Haneke, que con la edad reconoce haberse vuelto "más impaciente e intolerante", no le da la espalda al impacto de los medios digitales en nuestras vidas porque ve "imposible" no tenerlo en cuenta.

Y en esta vuelta a la dirección apuesta por dos de sus actores fetiche, de quienes asegura que hay "pocos de su nivel": Trintignant y Huppert, que en "Amor" se pusieron también en la piel de un padre y una hija.

Huppert "controla cada aspecto de la actuación. Puedes pedirle que haga lo que sea, llorar exactamente en la tercera palabra. Es increíble", dice de ella el cineasta, que colaboró con la intérprete por primera vez en "La pianista" (2001).

La actriz destaca en declaraciones a Efe que no hay una línea conductora en su manera de dirigir: "Impone en cada momento ciertas restricciones o al contrario ciertas facilidades. De pronto se preocupa por un aspecto muy técnico de la escena o te deja muy libre".

Huppert (París, 1953) sostiene que su personaje "no es particularmente ni simpática ni antipática, sino simplemente bastante indiferente", tanto en relación con su familia, como con la situación de los inmigrantes, "que le explota en la cara al final de la película".

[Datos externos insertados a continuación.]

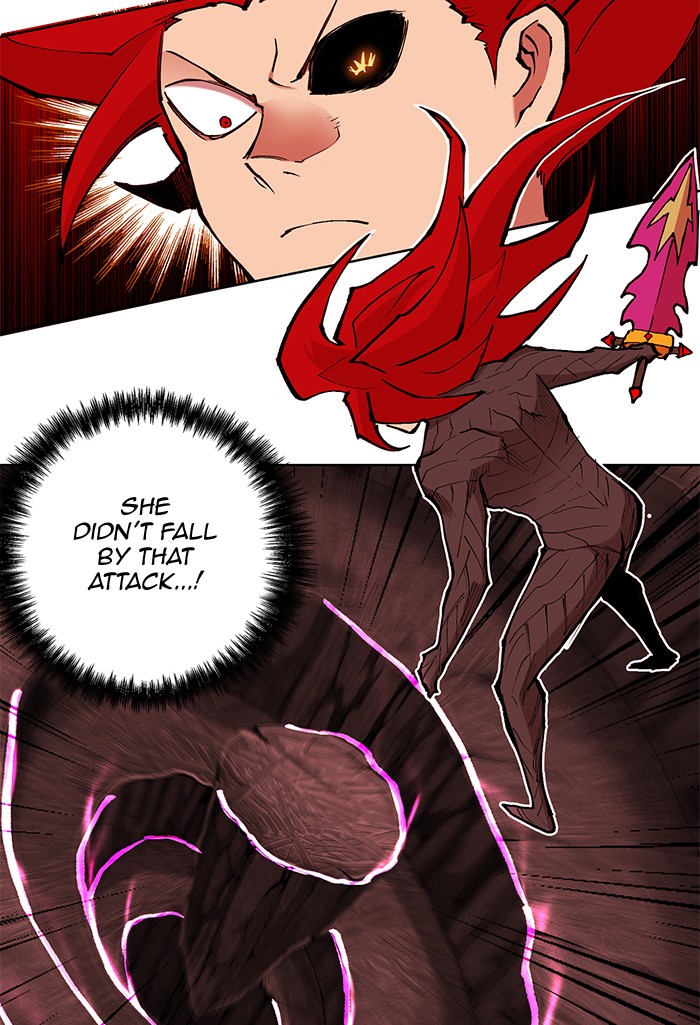 Hardcore Leveling Warrior Chapter 172.5 page 101 - 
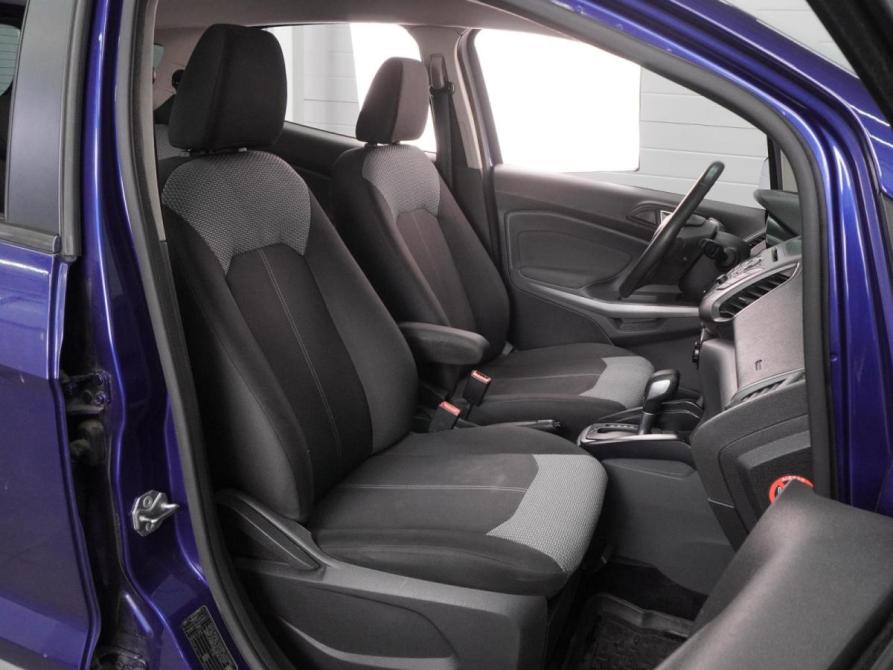Ford EcoSport II Воронеж  - изображение 8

Poner el foco en la burguesía permitió a Haneke que su mirada "fuera todavía más implacable", afirma la actriz, pero su crítica, añade, es extrapolable.

"Elige una familia particularmente privilegiada, que vive totalmente encerrada en sí misma, pero esa constatación, esa impotencia, la puede ampliar a otras capas de la población", concluye una intérprete que reconoce como un "gran privilegio trabajar en algo que no consideras un trabajo".